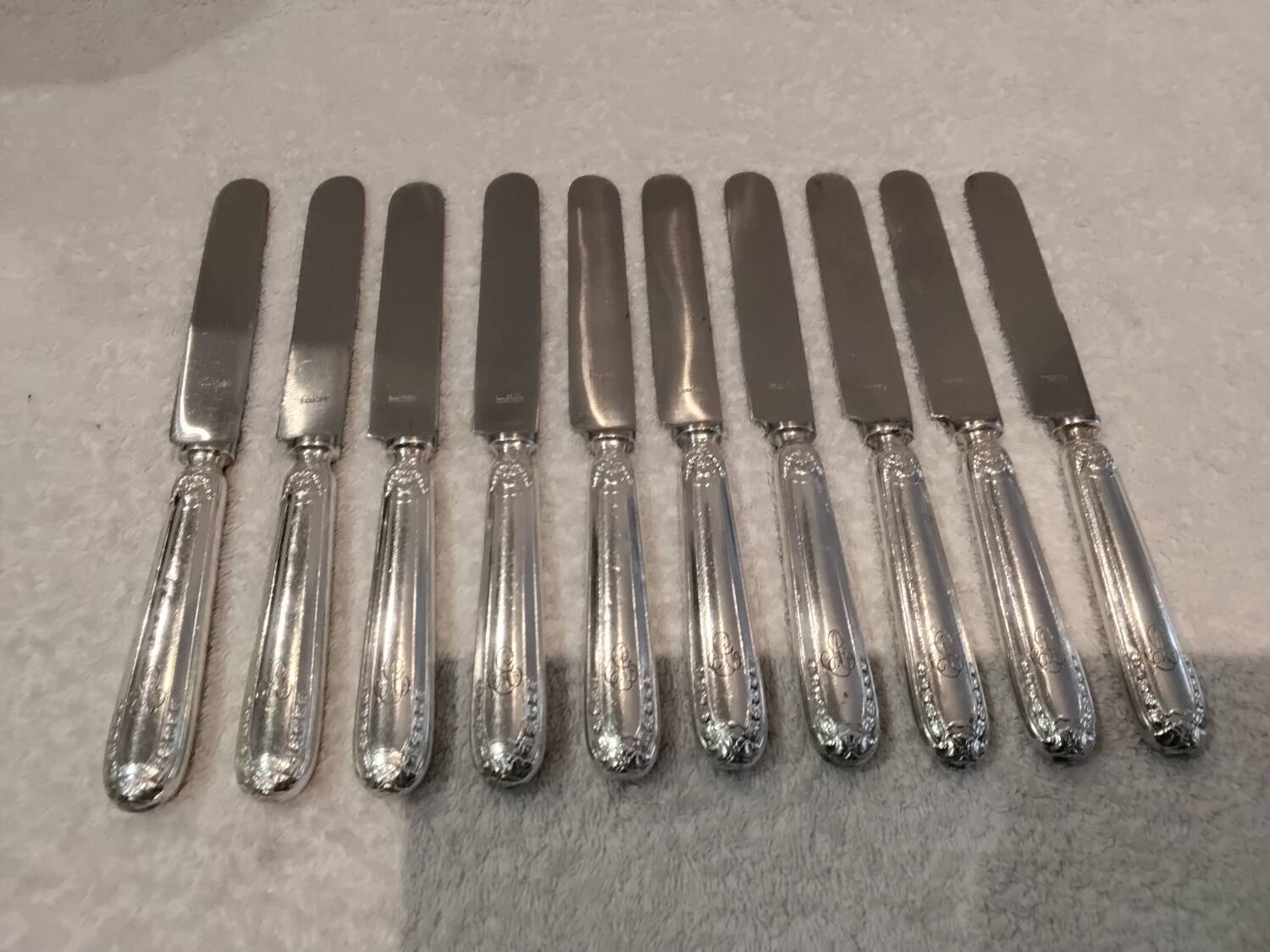 10 silver-plated dessert knives, Empire style, French work?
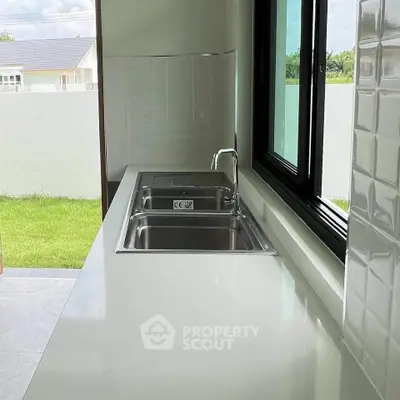 Modern kitchen with sleek countertop and stainless steel sink overlooking a lush garden view.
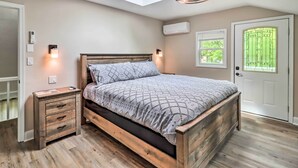 Une chambre avec un puits de lumière, un lit recouvert d’une couvre-lit à motifs, des lampes de chevet, une table de chevet en bois et une porte blanche avec une fenêtre.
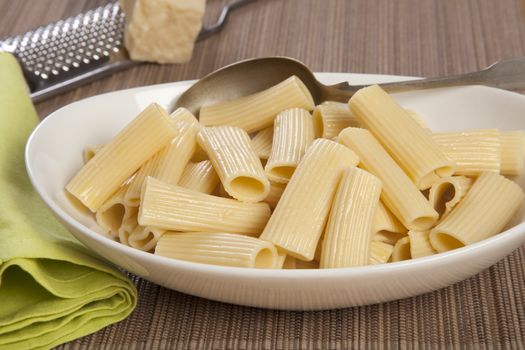 Italian Pasta - Big Penne rigate with Butter on a white plate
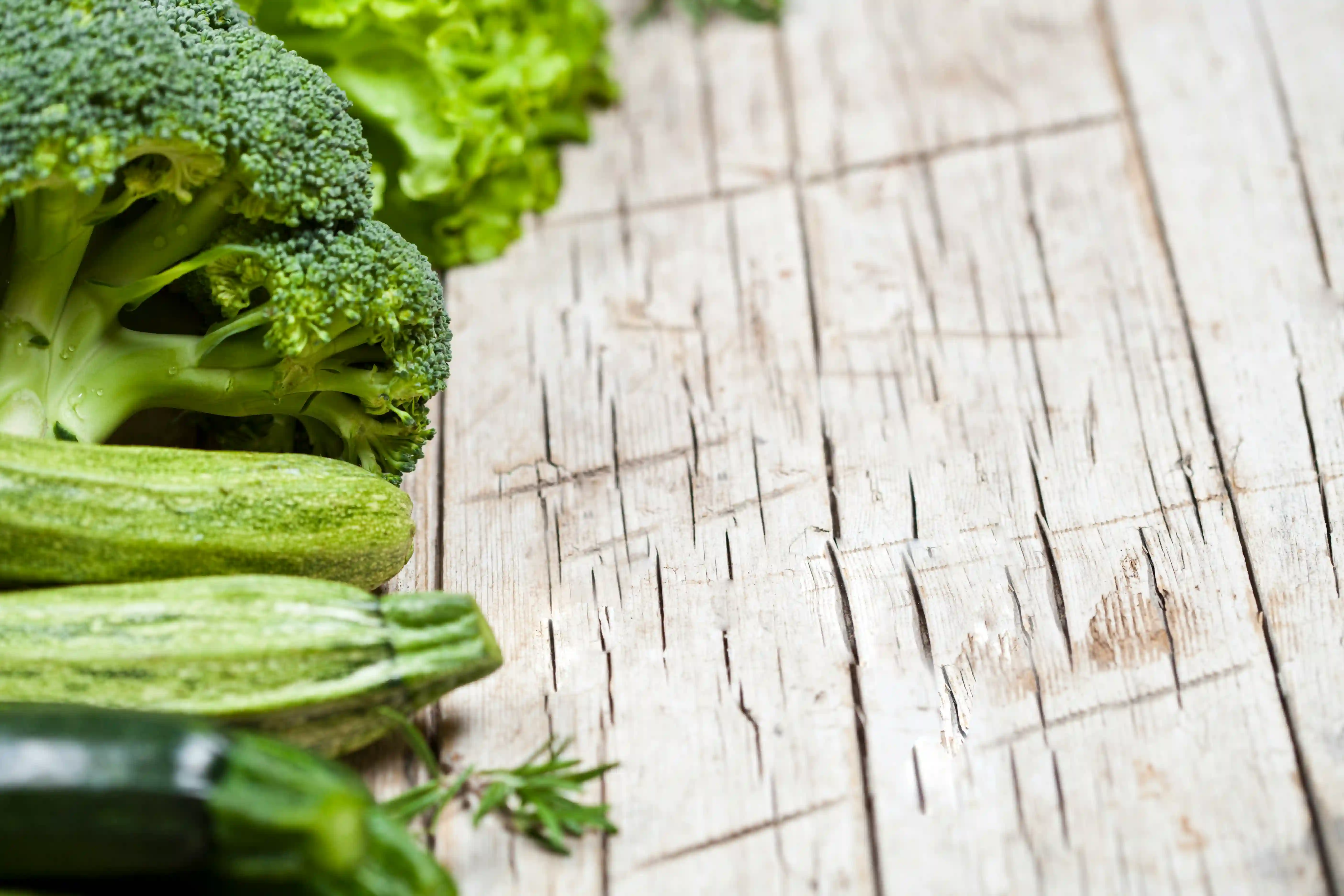 Fresh green vegetables and superfoods arranged on a wooden surface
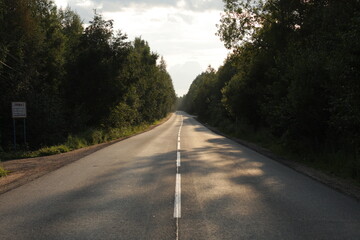 Fototapeta premium Highway through the forest in Russia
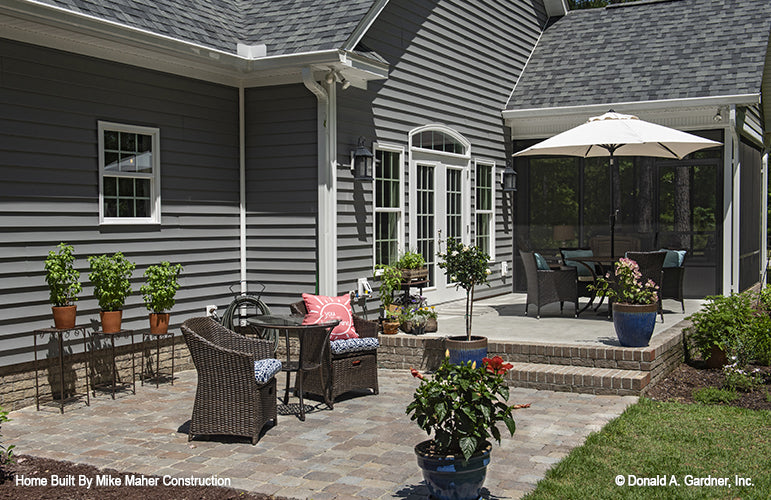 Sitting areas on the rear patio. The Gentry plan 977.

▶ **TASK DETAILS**
Output only the lines from the start of the data through the line that holds "Italian Pasta - Big". Keep them exact and leave the pictures out.

▶ **THE COMPLETED TASK**
 10 silver-plated dessert knives, Empire style, French work?
 Modern kitchen with sleek countertop and stainless steel sink overlooking a lush garden view.
 Une chambre avec un puits de lumière, un lit recouvert d’une couvre-lit à motifs, des lampes de chevet, une table de chevet en bois et une porte blanche avec une fenêtre.
 Italian Pasta - Big Penne rigate with Butter on a white plate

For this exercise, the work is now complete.